Wajah sang istri tampak lelah. Dua anaknya terpaksa libur sekolah. Memasuki hari ketujuh, tak tampak ada perbaikan yang berarti pada pasien. Lumpuh, hanya terbaring di tempat tidur. Kebutuhan dasar hidup harus dibantu. Makan, ganti baju dan bahkan kebutuhan hajat kamar mandi. Istri yang sabar ini sudah membayangkan beratnya hidup pada hari-hari mendatang.
Prevalensi stroke diperkirakan berjumlah lebih dari 2 juta orang berdasar data 2018. Stroke adalah penyebab kematian pertama dan penyebab kecacatan utama di Indonesia. Beban keluarga pasien stroke sungguh besar. Orang kaya akan jatuh miskin, dan orang miskin semakin menderita. Begitu banyak keluarga terlantar dan anak putus sekolah karena orang tua terkena stroke.
Apakah stroke tak bisa diobati? Terapi stroke akut terbatas waktu. Obat penghancur bekuan darah hanya bisa diberikan kurang dari 4.5 jam. Jika bekuan darah besar, harus dikeluarkan dengan tidakan kateterisasi, waktu terbatas 24 jam. Sayangnya, tidak semua rumah sakit siap memberikan obat penghancur bekuan, serta tidak semua rumah sakit memiliki fasilitas dan dokter yang mampu melakukan kateterisasi.
Terapi stroke akut mahal, kateterisasi bahkan sangat mahal.
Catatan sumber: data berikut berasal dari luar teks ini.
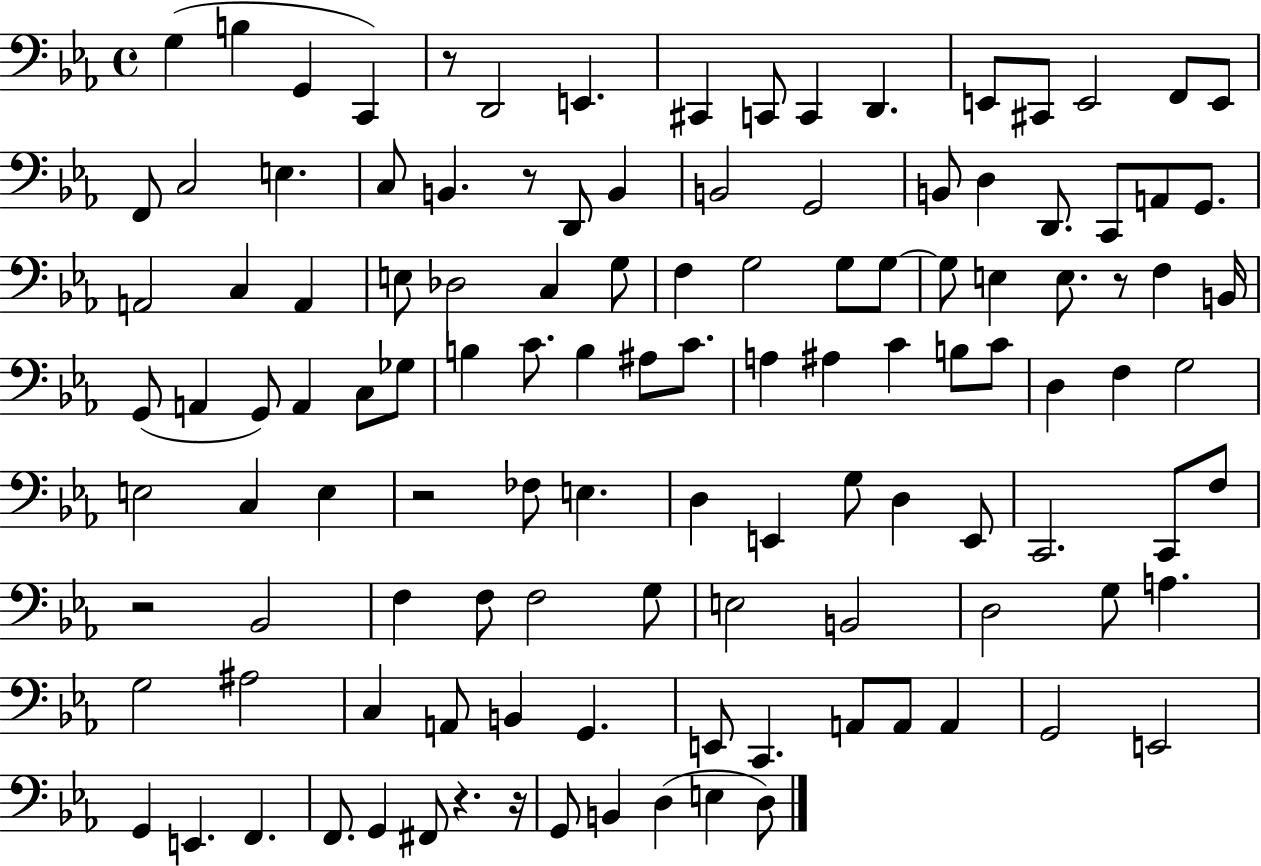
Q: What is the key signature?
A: EES major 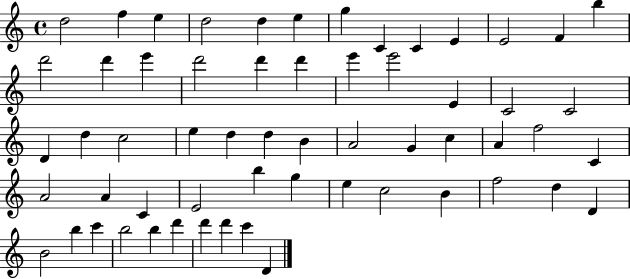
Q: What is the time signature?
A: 4/4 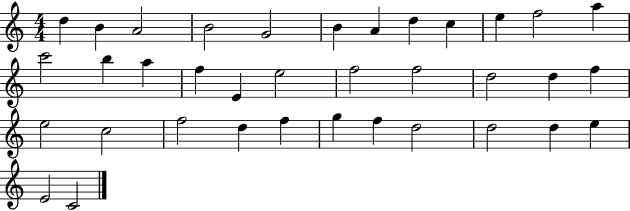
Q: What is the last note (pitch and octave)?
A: C4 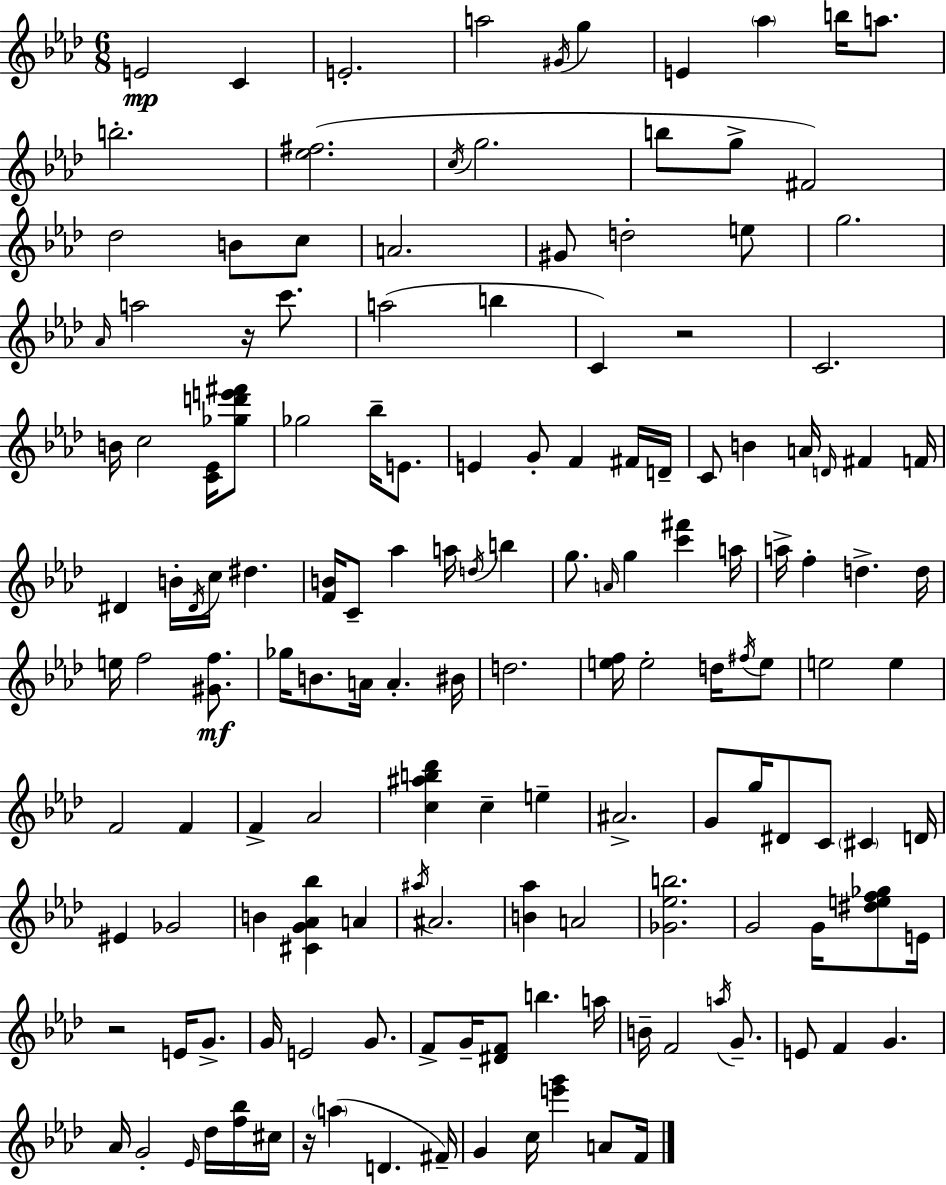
E4/h C4/q E4/h. A5/h G#4/s G5/q E4/q Ab5/q B5/s A5/e. B5/h. [Eb5,F#5]/h. C5/s G5/h. B5/e G5/e F#4/h Db5/h B4/e C5/e A4/h. G#4/e D5/h E5/e G5/h. Ab4/s A5/h R/s C6/e. A5/h B5/q C4/q R/h C4/h. B4/s C5/h [C4,Eb4]/s [Gb5,D6,E6,F#6]/e Gb5/h Bb5/s E4/e. E4/q G4/e F4/q F#4/s D4/s C4/e B4/q A4/s D4/s F#4/q F4/s D#4/q B4/s D#4/s C5/s D#5/q. [F4,B4]/s C4/e Ab5/q A5/s D5/s B5/q G5/e. A4/s G5/q [C6,F#6]/q A5/s A5/s F5/q D5/q. D5/s E5/s F5/h [G#4,F5]/e. Gb5/s B4/e. A4/s A4/q. BIS4/s D5/h. [E5,F5]/s E5/h D5/s F#5/s E5/e E5/h E5/q F4/h F4/q F4/q Ab4/h [C5,A#5,B5,Db6]/q C5/q E5/q A#4/h. G4/e G5/s D#4/e C4/e C#4/q D4/s EIS4/q Gb4/h B4/q [C#4,G4,Ab4,Bb5]/q A4/q A#5/s A#4/h. [B4,Ab5]/q A4/h [Gb4,Eb5,B5]/h. G4/h G4/s [D#5,E5,F5,Gb5]/e E4/s R/h E4/s G4/e. G4/s E4/h G4/e. F4/e G4/s [D#4,F4]/e B5/q. A5/s B4/s F4/h A5/s G4/e. E4/e F4/q G4/q. Ab4/s G4/h Eb4/s Db5/s [F5,Bb5]/s C#5/s R/s A5/q D4/q. F#4/s G4/q C5/s [E6,G6]/q A4/e F4/s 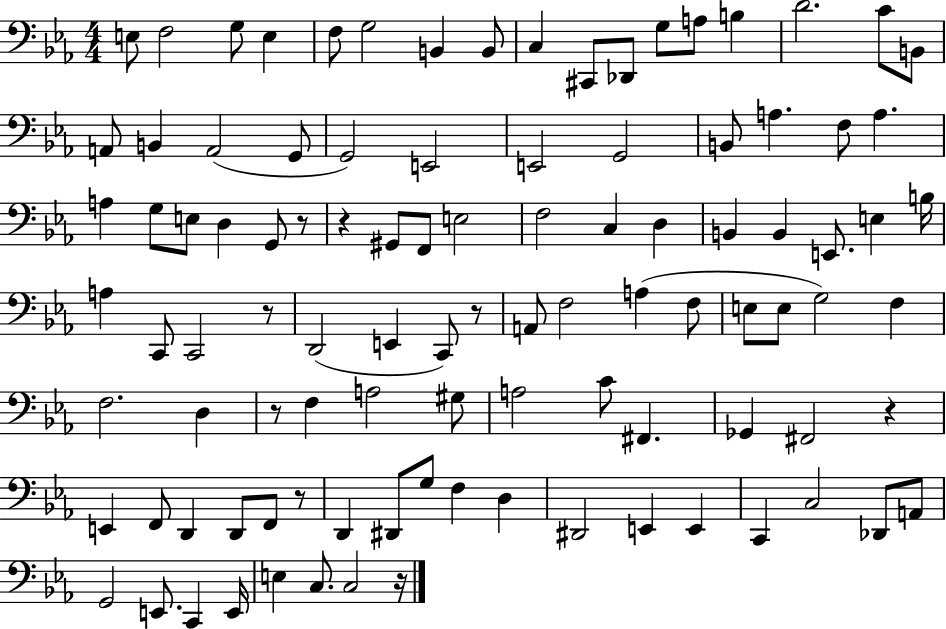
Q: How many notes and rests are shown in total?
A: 101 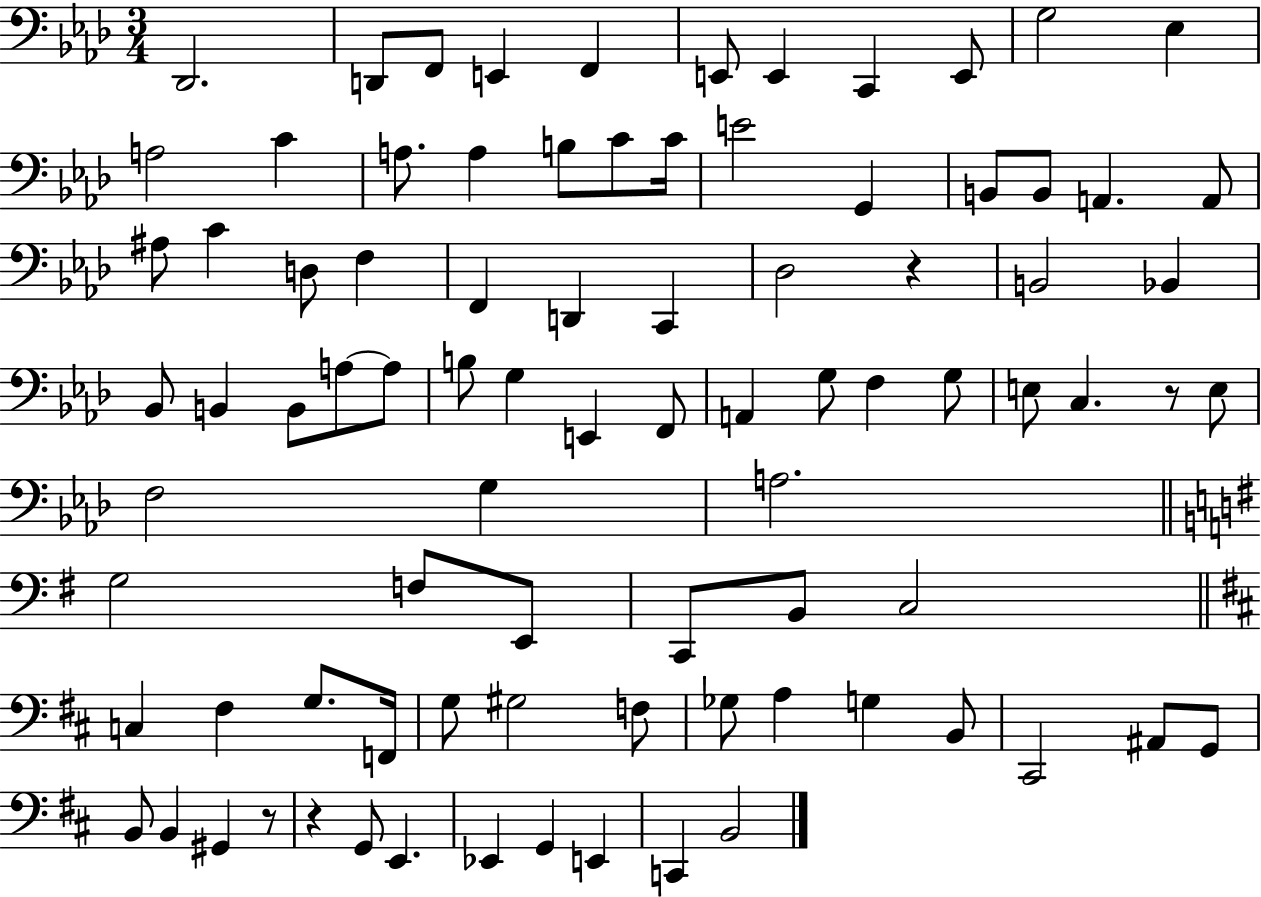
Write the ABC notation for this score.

X:1
T:Untitled
M:3/4
L:1/4
K:Ab
_D,,2 D,,/2 F,,/2 E,, F,, E,,/2 E,, C,, E,,/2 G,2 _E, A,2 C A,/2 A, B,/2 C/2 C/4 E2 G,, B,,/2 B,,/2 A,, A,,/2 ^A,/2 C D,/2 F, F,, D,, C,, _D,2 z B,,2 _B,, _B,,/2 B,, B,,/2 A,/2 A,/2 B,/2 G, E,, F,,/2 A,, G,/2 F, G,/2 E,/2 C, z/2 E,/2 F,2 G, A,2 G,2 F,/2 E,,/2 C,,/2 B,,/2 C,2 C, ^F, G,/2 F,,/4 G,/2 ^G,2 F,/2 _G,/2 A, G, B,,/2 ^C,,2 ^A,,/2 G,,/2 B,,/2 B,, ^G,, z/2 z G,,/2 E,, _E,, G,, E,, C,, B,,2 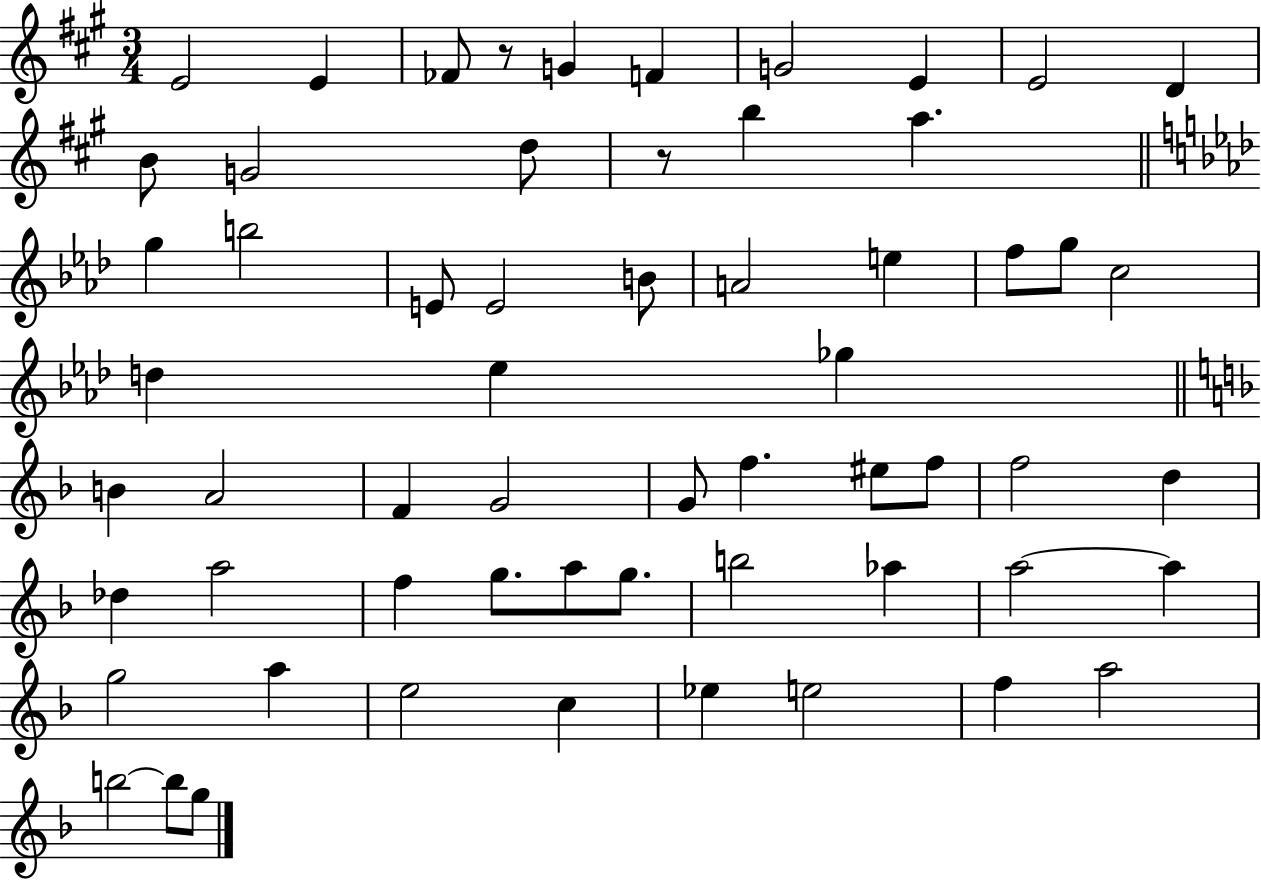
E4/h E4/q FES4/e R/e G4/q F4/q G4/h E4/q E4/h D4/q B4/e G4/h D5/e R/e B5/q A5/q. G5/q B5/h E4/e E4/h B4/e A4/h E5/q F5/e G5/e C5/h D5/q Eb5/q Gb5/q B4/q A4/h F4/q G4/h G4/e F5/q. EIS5/e F5/e F5/h D5/q Db5/q A5/h F5/q G5/e. A5/e G5/e. B5/h Ab5/q A5/h A5/q G5/h A5/q E5/h C5/q Eb5/q E5/h F5/q A5/h B5/h B5/e G5/e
Apabila keduanya tidak dilakukan, pilihannya hanya dua, kecacatan atau kematian. Jika beruntung, sedikit pasien dapat sembuh sempurna. Pemerintah mendorong program pengampuan stroke sejak 2023. Semua rumah sakit dengan CT scan dan dokter neurologi diharapkan mampu memberikan dua terapi utama ini. Namun, besarnya biaya yang dikeluarkan, tidak mampu menjangkau banyak pasien stroke di Indonesia.
Stroke bisa mengenai Dokter, Kyai, Guru, Bupati, Gubernur, Anggota DPR dan profesi apa saja. Saat stroke menyerang, dokter tak lagi bisa praktek, Kyai tak lagi bisa lagi membimbing ummat, Dosen akan berhenti mengajar, juga profesi lain. Kalaupun bisa kembali bekerja, kualitas dan kuantitas perkerjaan tidak akan pernah sama seperti semula.
Satu-satunya cara paling mudah dan murah untuk menghadapi stroke adalah prevensi agar stroke tidak terjadi. Apakah stroke bisa dicegah? tentu stroke bisa dicegah. Prevensi stroke meskipun murah, ternyata tidak mudah. Tingginya angka kematian dan kecacatan akibat stroke di Indonesia, merupakan bukti nyata kegagalan prevensi stroke. Stroke dari tahun ke tahun tetap menjadi 'pembunuh' peringkat pertama.
Perlu ada strategi mendasar prevensi stroke. Saat kemenkes dan dinas kesehatan di berbagai daerah tak mampu menurunkan angka kematian dan kejadian stroke dengan berbagai program, adakah kemungkinan strategi lain? Bagaimana jika dimulai dari pesantren? Pesantren terutama di Jawa Timur memiliki peran besar dalam upaya perubahan sosial. Interaksi Kyai dengan masyarakat sangat dekat, bahkan merupakan bagian dari mereka. Bukankah ada kaidah yang sangat populer di pesantren " Dar'ul mafasid muqaddamun 'ala jalbil masholih." Mencegah kerusakan lebih diutamakan dari meraih kebaikan. Dalam konteks stroke, program prevensi stroke harus diutamakan dan didorong lebih luas melebihi program terapi.
Pengetahuan populer tentang faktor risiko stroke, mungkin belum banyak dipahami oleh kalangan pesantren. Pengetahuan ini bisa menjadi materi yang dapat diselipkan dalam forum pengajian dan acara keagamaan di masyarakat. Misalnya, menjelaskan bagaimana cara mudah dan praktis agar stroke tidak terjadi. Bagaimana menghindari empat faktor risiko utama stroke, yaitu hipertensi, kencing manis, merokok dan kadar kolesterol darah yang tinggi. Panduan praktis dan menarik perlu disampaikan dengan bahasa sederhana dan mudah dipahami. Kyai dan santri dapat membincang secara santai tentang materi ini dengan kalangan medis.
Kyai seringkali memiliki tehnik komunikasi yang memukau dan menarik. Disamping pesan-pesan mereka dianggap otoritatif dan layak untuk diikuti. Kyai-kyai kampung apalagi. Beliau begitu dekat dengan masyarakat dan menjadi pendamping mereka dalam keseharian. Mengapa tekanan darah tinggi bisa menyebabkan stroke. Bagaimana rokok akan menjadikan darah lebih pekat dan mudah menggumpal. Bagaimana cara menghindari dan mengelola kencing manis. Makanan apa yang mudah meningkatkan kadar kolesterol darah.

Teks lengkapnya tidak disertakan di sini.